A professor has a bit of an infatuation with his niece; the professor's wife, a cosmopolitan lady of leisure, takes up with a flashy aviator, mainly, it seems, to torment a sculptor who loves her; turn up the heat, stir, and wait for the boil...
The DVD release's jacket does a mild disservice to Mauritz Stiller's Erotikon (1920) by stating that its slyly sardonic approach to sexual intrigue inspired Ernst Lubitsch. As the only Lubitsch film I've seen that predates Erotikon is the preposterous and galumphing Eyes of the Mummy, I'm prepared to accept that Lubitsch had a significant epiphany that helped him become the sort of filmmaker who could make The Marriage Circle. But the expectation is thus set that Erotikon will have an effervescent comic pace and a constantly winking eye like a Lubitsch film of the 30s-- and that is not the case.

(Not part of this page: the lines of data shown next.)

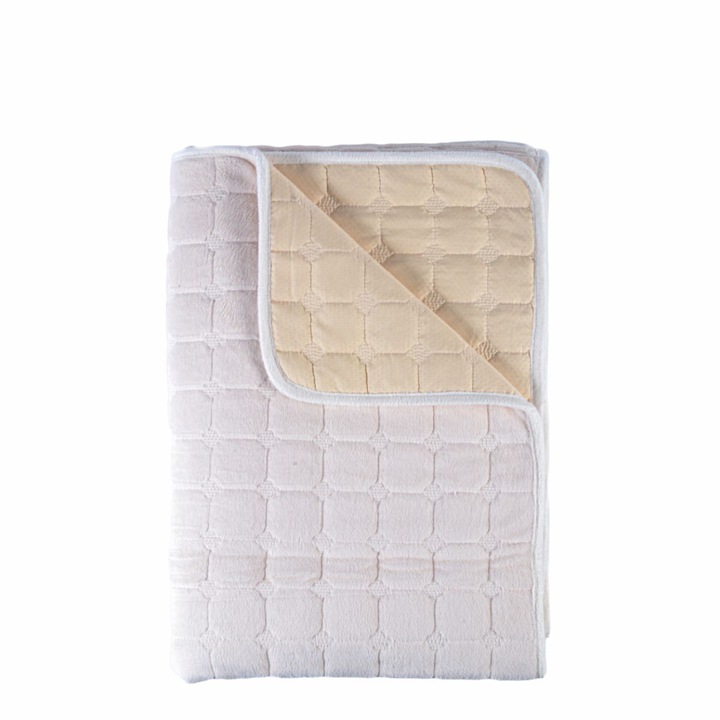 Cuvertura Canapea, Naimeed D4884S, 70x150cm, poliester, pufoasa, matlasata, Alb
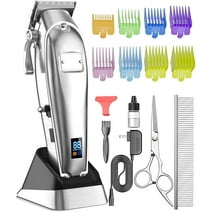 Oneisall Professional Dog Grooming Clippers Kit, 2 Speed Heavy Duty Cordless Hair Shears Trimmers for Thick Heavy Coats,with Metal Blade for Dogs Cats Animals, All Metal Design Pet Clippers Electric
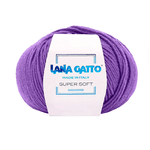 Lana Gatto Gomitolo 100% Pura Lana Vergine Merino Extrafine, Linea Super Soft - Tonalità Accese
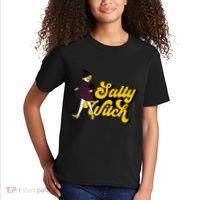 Retro Salty Witch Funny Halloween Girl Kids T-Shirt thumb 2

A better touchstone for the film is The Rules of the Game (not least because an aviator plays so prominent a role), a movie which observes, with the sad empathy of a veteran priest with many Saturdays spent listening to confession behind him, the desperate efforts of a group of humans to chase after happiness-- only to make things worse in most cases. Erotikon begins with a fussy middle-aged professor lecturing on bigamous beetles (oddly anticipating the recent movie biography of Dr. Kinsey), and takes a consciously scientific detachment toward its characters as they scurry about, trying to keep mortality at bay by finding some form of erotic excitement in lives which are a bit too settled, under-occupied and, it appears, sexually frustrated. A comedy, yes, and even one that wraps up in high spirits, and yet a comedy that's touched throughout by melancholy, and played with a sort of gravity and a deliberate pace that gives us time to feel the hurt under the surface.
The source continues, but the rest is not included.